> [PROVIDED RECORDS]
********
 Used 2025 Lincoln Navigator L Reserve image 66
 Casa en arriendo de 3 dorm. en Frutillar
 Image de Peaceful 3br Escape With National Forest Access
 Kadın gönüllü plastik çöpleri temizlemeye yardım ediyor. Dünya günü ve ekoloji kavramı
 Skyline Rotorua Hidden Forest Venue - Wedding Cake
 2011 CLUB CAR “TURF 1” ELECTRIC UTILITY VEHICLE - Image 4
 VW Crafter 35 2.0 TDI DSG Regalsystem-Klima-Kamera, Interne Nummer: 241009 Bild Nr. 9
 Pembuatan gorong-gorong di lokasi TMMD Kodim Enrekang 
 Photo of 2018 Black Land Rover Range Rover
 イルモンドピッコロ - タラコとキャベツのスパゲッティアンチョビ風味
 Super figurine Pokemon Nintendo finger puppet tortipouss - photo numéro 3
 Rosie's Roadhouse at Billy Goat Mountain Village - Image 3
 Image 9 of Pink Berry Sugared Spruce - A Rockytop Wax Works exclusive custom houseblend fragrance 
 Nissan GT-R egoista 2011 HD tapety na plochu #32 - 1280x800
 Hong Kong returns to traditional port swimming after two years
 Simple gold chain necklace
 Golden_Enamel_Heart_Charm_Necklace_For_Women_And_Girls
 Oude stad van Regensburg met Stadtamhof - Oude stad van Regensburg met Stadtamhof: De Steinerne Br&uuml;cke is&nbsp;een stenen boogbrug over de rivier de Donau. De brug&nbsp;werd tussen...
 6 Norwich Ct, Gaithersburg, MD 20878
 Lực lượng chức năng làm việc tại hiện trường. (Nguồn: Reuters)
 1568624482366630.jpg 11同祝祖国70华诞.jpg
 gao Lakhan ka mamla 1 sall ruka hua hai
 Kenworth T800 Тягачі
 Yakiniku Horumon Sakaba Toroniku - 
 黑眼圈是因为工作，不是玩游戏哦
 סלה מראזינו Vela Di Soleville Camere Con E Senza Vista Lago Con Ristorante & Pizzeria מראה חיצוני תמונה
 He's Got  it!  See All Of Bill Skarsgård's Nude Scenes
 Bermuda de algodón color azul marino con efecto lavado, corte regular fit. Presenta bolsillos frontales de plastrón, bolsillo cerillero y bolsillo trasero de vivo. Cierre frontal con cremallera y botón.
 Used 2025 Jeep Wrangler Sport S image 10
********
> [ASSIGNMENT] Nothing but the lines from the one holding "Image 9 of Pink" through the end of the listing above should appear, each exactly as given.

> [RESPONSE BELOW]
 Image 9 of Pink Berry Sugared Spruce - A Rockytop Wax Works exclusive custom houseblend fragrance 
 Nissan GT-R egoista 2011 HD tapety na plochu #32 - 1280x800
 Hong Kong returns to traditional port swimming after two years
 Simple gold chain necklace
 Golden_Enamel_Heart_Charm_Necklace_For_Women_And_Girls
 Oude stad van Regensburg met Stadtamhof - Oude stad van Regensburg met Stadtamhof: De Steinerne Br&uuml;cke is&nbsp;een stenen boogbrug over de rivier de Donau. De brug&nbsp;werd tussen...
 6 Norwich Ct, Gaithersburg, MD 20878
 Lực lượng chức năng làm việc tại hiện trường. (Nguồn: Reuters)
 1568624482366630.jpg 11同祝祖国70华诞.jpg
 gao Lakhan ka mamla 1 sall ruka hua hai
 Kenworth T800 Тягачі
 Yakiniku Horumon Sakaba Toroniku - 
 黑眼圈是因为工作，不是玩游戏哦
 סלה מראזינו Vela Di Soleville Camere Con E Senza Vista Lago Con Ristorante & Pizzeria מראה חיצוני תמונה
 He's Got  it!  See All Of Bill Skarsgård's Nude Scenes
 Bermuda de algodón color azul marino con efecto lavado, corte regular fit. Presenta bolsillos frontales de plastrón, bolsillo cerillero y bolsillo trasero de vivo. Cierre frontal con cremallera y botón.
 Used 2025 Jeep Wrangler Sport S image 10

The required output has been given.